Then I tucked him into bed and went on my merry way.  I will be back out on Tuesday to ride him outside again, and then I will have to decide if I want to put him through the rigours of a Wednesday night lesson or if I will ride another horse instead.

tired and cold but happy

Saturday, 6 April 2013

Good News For A Change

I went out to the barn to ride Walker for a planned 15 minutes at the walk, possible 5 minutes at the jog. I am pleased to say that I rode him for almost an hour, and we not only walked and jogged, but cantered too. He seemed to be feeling better and I made sure to take things slow and not ask too much. However, I realized that regardless of whether or not the tremors were from colic or hypp, that wouldn't affect how I ride him. After all, if he's going to colic, he'll just colic, and if he is hypp positive, the episodes are set off by dietary changes. So the only reason to take things slow with him is his anemia which, thankfully, is improving.

There was a tarp in the arena today, and although Walker was fine with it, another horse came in and was having an absolute meltdown. This caused Walker to be dramatically afraid of the tarp so now I have to desensitize him to it if he's still like that tomorrow. Monkey see, monkey do!

And because our barn is practically undergoing some rare bubonic plague of diseases, now another horse is sick. Or rather, she was having an allergic reaction and there were hives all over her! I felt so bad, but luckily, I now keep dexamethasone in my first aid kit so we were able to give her something for it. I mean really, what's next!?

Friday, 5 April 2013

Quick Update

I don't have much to update other than that I got a call back from the vet who has ruled out tying up as one of the causes of Walker's muscle tremors.  He checked the enzyme levels, and he can tell from that whether or not it was the cause.
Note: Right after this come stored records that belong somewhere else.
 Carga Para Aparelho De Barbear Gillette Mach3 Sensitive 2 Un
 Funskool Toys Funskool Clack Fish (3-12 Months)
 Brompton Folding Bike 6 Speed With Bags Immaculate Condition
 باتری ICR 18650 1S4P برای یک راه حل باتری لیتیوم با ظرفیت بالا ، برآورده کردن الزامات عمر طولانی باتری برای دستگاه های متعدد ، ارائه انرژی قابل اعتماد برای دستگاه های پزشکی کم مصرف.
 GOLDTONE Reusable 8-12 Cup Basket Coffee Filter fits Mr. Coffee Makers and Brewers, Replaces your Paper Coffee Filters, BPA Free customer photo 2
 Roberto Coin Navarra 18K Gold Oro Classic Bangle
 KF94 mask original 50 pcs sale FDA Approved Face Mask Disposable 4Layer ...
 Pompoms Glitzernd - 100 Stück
While he still hasn't completely ruled out a mild colic, he also told me that Walker's potassium levels were high.  High potassium can bring about episodes in a horse who is HYPP positive, so it's becoming more and more imperative that I get Walker checked out.  I just need to pull a few hairs from his mane and send the paperwork off.  I'm planning to do all that Monday when the clinic opens again.
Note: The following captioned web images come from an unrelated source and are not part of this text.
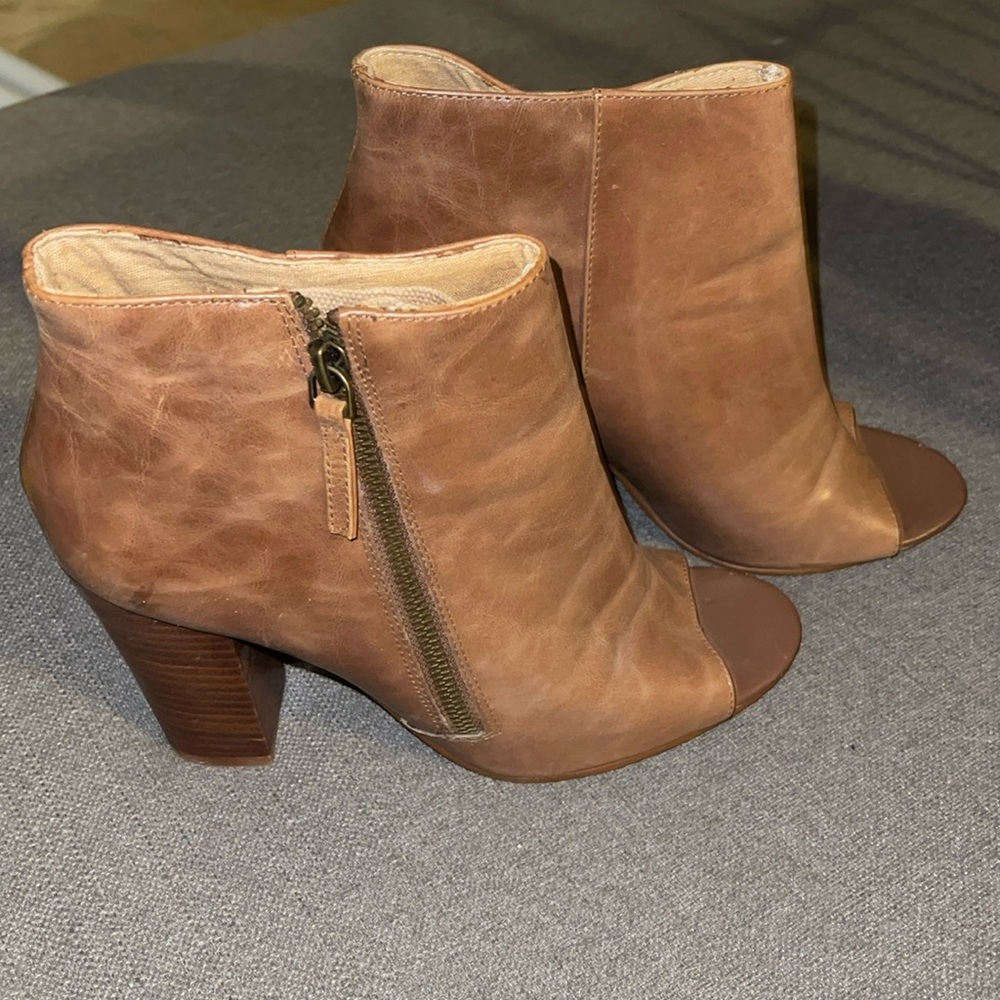 Open toe booties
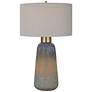 2_Uttermost Western Sky 29" High Blue and Brown Ceramic Table Lamp
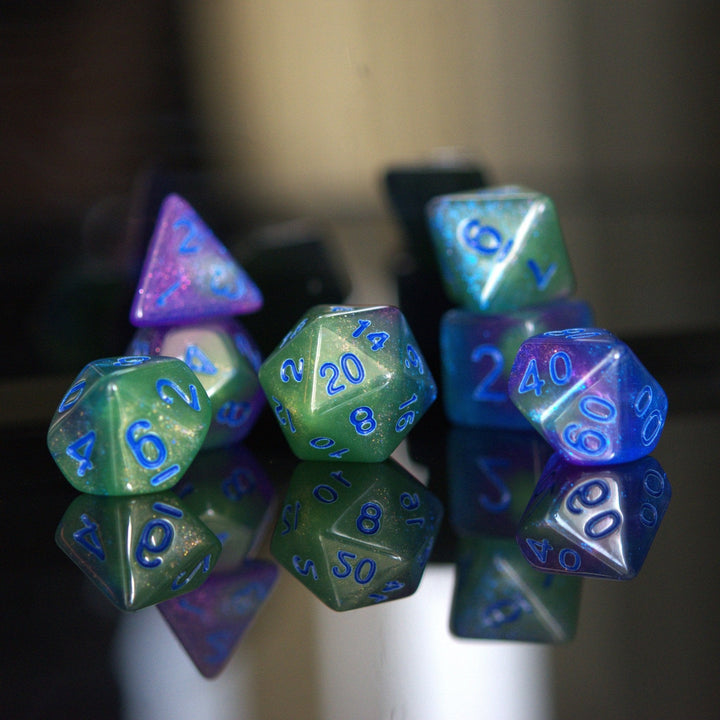 C-137 Acrylic Dice Set by Misty Mountain Gaming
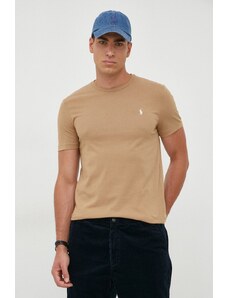 Polo Ralph Lauren t-shirt in cotone uomo colore beige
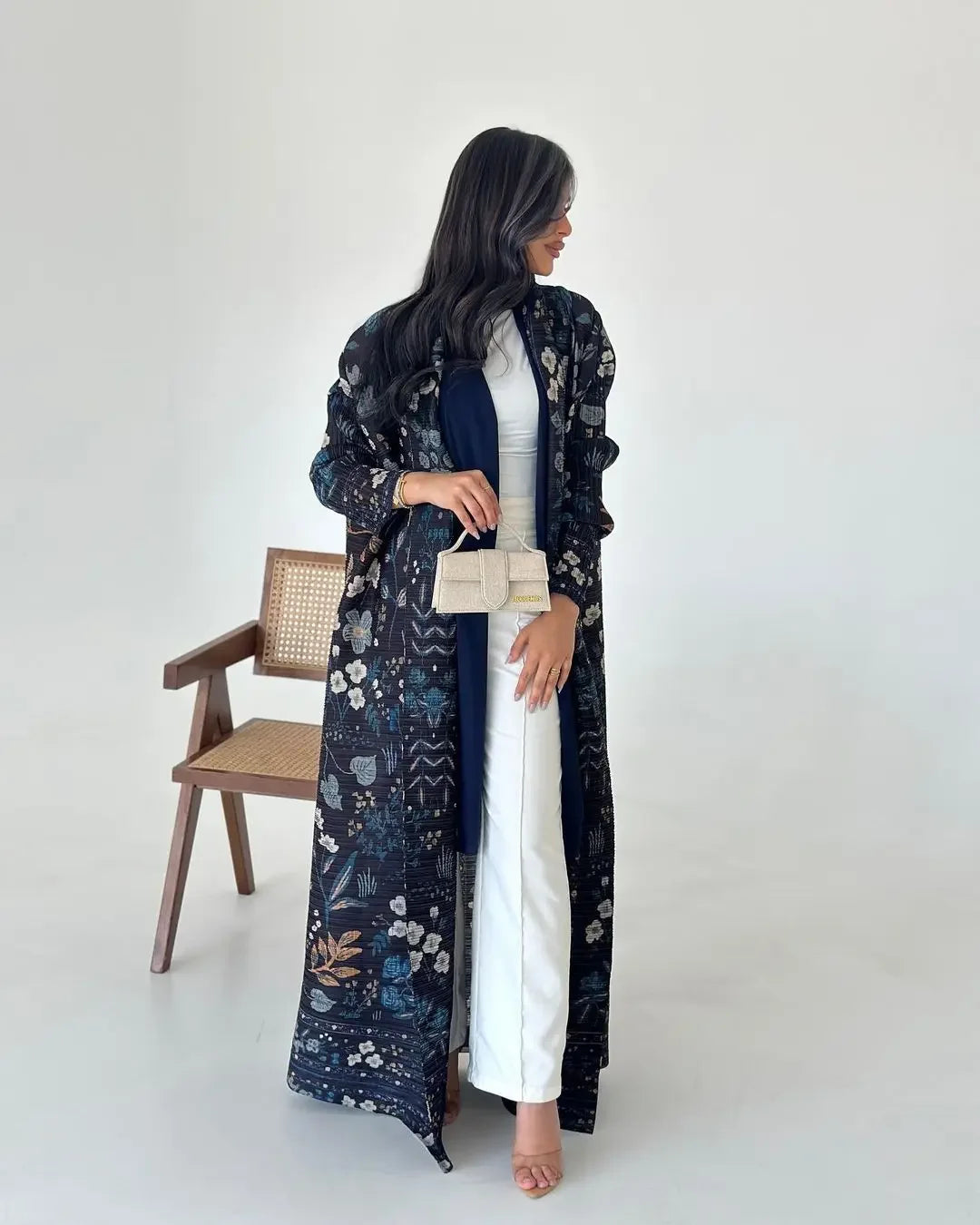 Modern Ramadan Kaftan with Waist Belt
Although I don't want him to have HYPP, it would explain pretty much everything in my books.  He got the cold.  This put his immune system down.  Which led to the anemia.  He needed meds for that.  But he wouldn't let people give them to him orally.  So I hid them in his alfafa.  Alfafa is high in potassium.  And I went from feeding him alfafa 2-3 times a week to everyday for two weeks.  High potassium leads to problems with horses with HYPP.  BAM! Muscle tremors...

So while I hope he isn't positive, it would definitely make sense.

On other news, when I was reading Gingham's blog post the other day, it reminded me that Holly is a terrible tail rubber.  As you can see from the picture below, she sits up against the bar of her straight stall and has pretty much rubbed it clean.

So I made a point of bringing it to the attention of my barn owner who put this lovely contraption on her.  It's actually pretty cool.  It goes all the way from the base of the tail to the bottom to keep the whole thing protected.  Hopefully she'll be able to mend herself now.


On Wednesday, we did some exercises in my lesson to strengthen our lower legs.  At the time, I remember thinking - "hey, I got this.  I must have a strong lower leg."  Nope.  I was wrong.  So wrong.  I am in pain and have been in pain since Thursday morning.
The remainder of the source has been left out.